Category Archives: mathematica

Jewish New Year Distribution

I was talking to somebody the other day who was pleased because his birthday (September 9) landed on the Jewish New Year. He made the dubious claim that this happened something like 17% of the time.

For a quick check, I used the JewishNewYear[] function built in to Mathematica’s Calendar package. It is good from 1900 through 2100.


Needs["Calendar`"]

In[]:= Length[Select[
Map[JewishNewYear[#] &,
Range[1900, 2100]], #[[2]] == 9 && #[[3]] == 9 &]]

Out[]= 7

7/Length[Range[1900, 2100]] == .0348, so over this 201 year time span, his birthday would have landed on Rosh Hashana a bit under 3.5% of the time.

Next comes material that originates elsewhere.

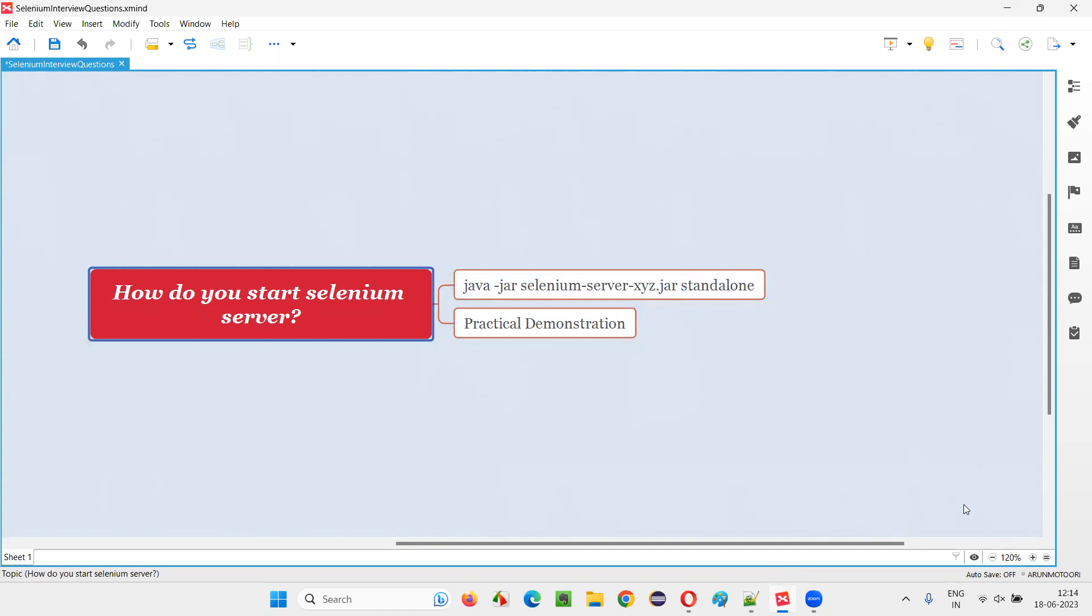To confirm whether the server has started or not, you have to open that IP address that is in the command prompt and slash grid slash console. And if you are getting a page with all the details, that means Selenium server has successfully started for the Selenium grid.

Curious about how the holiday distributed, I generated a table of frequencies (all displayed as though they were 2010 dates so we can use the built-in DateListPlot[] function).


In[]:= dateFreq =
Map[{#[[1]], Length[#]} &,
Gather[Sort[
Map[{2010, JewishNewYear[#][[2]], JewishNewYear[#][[3]]} &,
Range[1900, 2100]], AbsoluteTime[#1] <= AbsoluteTime[#2] &]]]; In[]:= DateListPlot[dateFreq, Filling -> Axis,
FillingStyle -> {Automatic, {Black, AbsoluteThickness[10]}},
GridLines -> None, Frame -> False, Axes -> True, AxesStyle -> Black,
AxesOrigin -> {Automatic, 0}, PlotRange -> All,
PlotLabel -> "Rosh Hashana Distribution"]

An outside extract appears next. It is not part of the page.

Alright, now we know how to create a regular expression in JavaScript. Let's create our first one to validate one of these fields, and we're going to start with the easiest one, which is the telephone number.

Note the nested use of Length[], Gather[], Sort[]. That is often a powerful combination when using Mathematica to analyze the frequencies of events or patterns in data.

In this case we do not have a uniform distribution — it clearly fades at the edges, but it’s not normally distributed either. Figuring out whether or not there is a meaningful pattern here is beyond my statistical skills.

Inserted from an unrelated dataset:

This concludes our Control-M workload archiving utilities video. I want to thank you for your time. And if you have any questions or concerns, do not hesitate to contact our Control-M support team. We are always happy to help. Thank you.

reversing the x-axis in a Mathematica graph

Sometimes you have data in which the dependent variable decreases as the independent variable increases, and for reasons of clarity in illustrating it, you want to flip the x-axis and show an increasing line (or vice versa). For example, sometimes you have

and you want to display it as

Unfortunately, Mathematica’s default behavior is to show both axes growing as you go up and to the right, and there is no simple option to change that. You can achieve this however by transforming your data by hand so that it is displaying the desired way, and then setting the “Ticks” variable of the plotting function to display the Ticks in reverse order. You can’t just say “reverse,” you have to create a list of the new tick labels and where you want them to go. This is generally done with a call to the Table[] command.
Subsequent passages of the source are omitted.